A Venezuela enfrenta uma das maiores tragédias naturais de sua história recente após ser atingida por dois fortes terremotos na quarta-feira (24).
Os abalos, registrados com magnitudes de 7,2 e 7,5 em um intervalo inferior a um minuto, provocaram desabamentos de edifícios, danos severos à infraestrutura e levaram o governo a decretar estado de emergência nacional. Segundo o balanço oficial mais recente, ao menos 32 pessoas morreram e cerca de 700 ficaram feridas.
Os tremores tiveram epicentro na região norte do país e foram sentidos com intensidade em Caracas, além dos estados de Carabobo, La Guaira, Aragua, Yaracuy e Miranda. Na capital, prédios residenciais e comerciais sofreram colapsos parciais e totais, enquanto equipes de resgate trabalham na busca por sobreviventes sob os escombros. O Aeroporto Internacional Simón Bolívar, em Maiquetía, também registrou danos estruturais e teve as operações suspensas temporariamente.
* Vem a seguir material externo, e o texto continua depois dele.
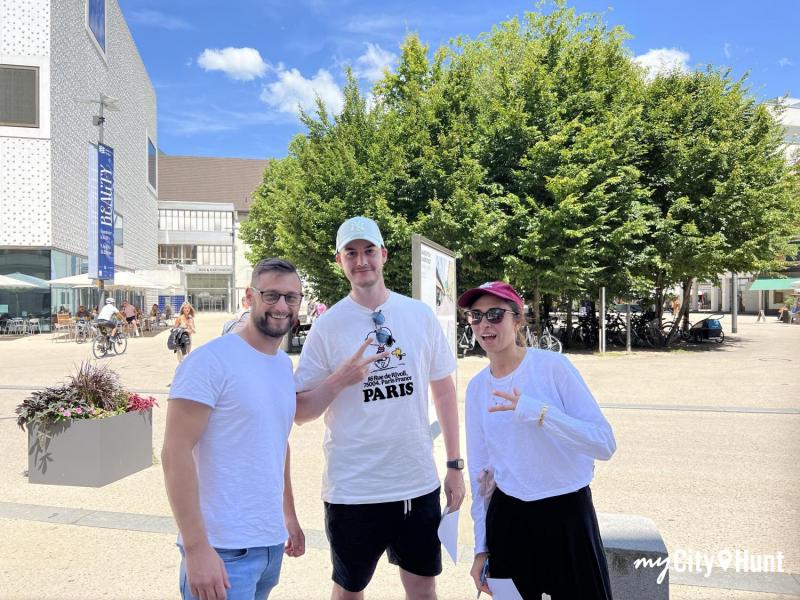 myCityHunt Schnitzeljagd 3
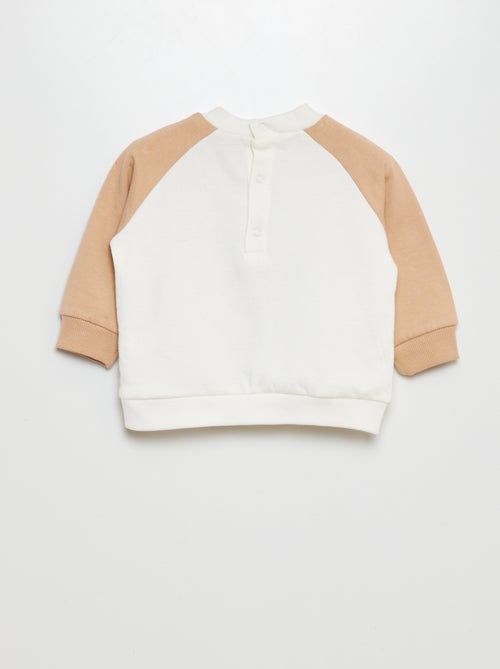 Conjunto de sudadera + pantalón de chándal 'Miffy' - 2 piezas - Kiabi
Além dos prejuízos materiais, o terremoto comprometeu serviços essenciais. Houve interrupções no fornecimento de energia elétrica, água e telecomunicações em diversas cidades, enquanto escolas, repartições públicas e parte do sistema de transporte permaneceram fechados por determinação das autoridades. Especialistas alertam para o risco de novas réplicas nos próximos dias, recomendando que a população evite permanecer em edifícios danificados.
Sismólogos classificam o fenômeno como um “doblete sísmico”, situação incomum em que dois terremotos de grande magnitude ocorrem praticamente em sequência sobre a mesma região tectônica. Segundo especialistas, a baixa profundidade dos abalos potencializou os danos em áreas urbanas densamente povoadas. A comunidade internacional acompanha a situação, enquanto equipes de emergência e ajuda humanitária começam a chegar ao país para reforçar as operações de resgate.
Tragédia relembra o terremoto de 1967
O desastre reacendeu a memória do terremoto que atingiu Caracas em 1967, considerado até então o mais devastador da história moderna venezuelana. Especialistas afirmam que a sequência de tremores registrada agora está entre os eventos sísmicos mais intensos já documentados no país, evidenciando a vulnerabilidade de parte da infraestrutura urbana diante de fenômenos dessa magnitude.